The battle cry underlines their dependence upon the Lord. The trumpet, the pitcher and the lamp in themselves would be ineffective weapons, yet, used in obedience they become ‘the sword of the Lord’, and also of Gideon. Our responsibility is to use ‘the sword of the Spirit which is the word of God’, Eph. 6. 17. That same word will then do its own work as applied by the Spirit to the hearers. The effect upon the enemy in Gideon’s battle was that they ‘ran, and cried, and fled’. In like manner, ‘the weapons of our warfare are not carnal, but mighty through God to the pulling down of strong holds’, 2 Cor. 10. 4.
As so often happens when a victory is gained, the adversary redoubles his efforts in seeking to cause division and strife among the people of God. Not for the first time, Ephraim complains; cf. Josh. 17. 14. They had not responded when Gideon blew his trumpet to assemble the tribes, but now that the victory has been won, they want some of the glory! Gideon, with his diplomatic response, is able to take the heat out of the situation and avoid a confrontation; brethren and sisters with the ability and wisdom to do this in assembly life are invaluable!

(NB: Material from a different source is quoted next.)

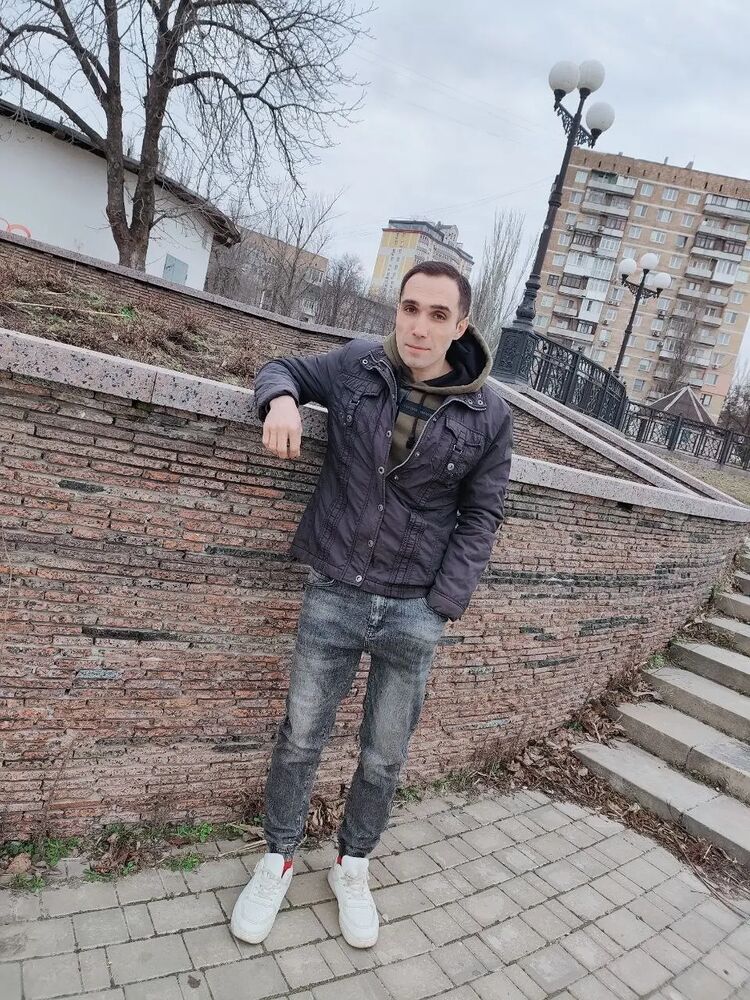  35133447  , 32 ,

Most of the verses in chapter 8 are taken up with the aftermath of the battle and the churlish behaviour of the men of Succoth, for which they received appropriate retribution. The Spirit of God does not dwell too long on the rather disappointing end of Gideon’s life, preferring to emphasize the exploits of the man of faith; we will follow the Spirit’s example. Suffice it to say that having refused the offer of a crown in verses 23-23, the man who began his career by vigorously opposing idolatry, is responsible for making an ephod of gold ‘which thing became a snare unto Gideon, and to his house’, v. 27. How careful we all need to be throughout life; remember it is to elders that the warning is given concerning ‘the snare of the devil’, 1 Tim. 3. 7.
So Gideon passed to his reward in a good old age, a man raised up by God to deliver His people, finding his place among the men and women of faith, Heb. 11. 32.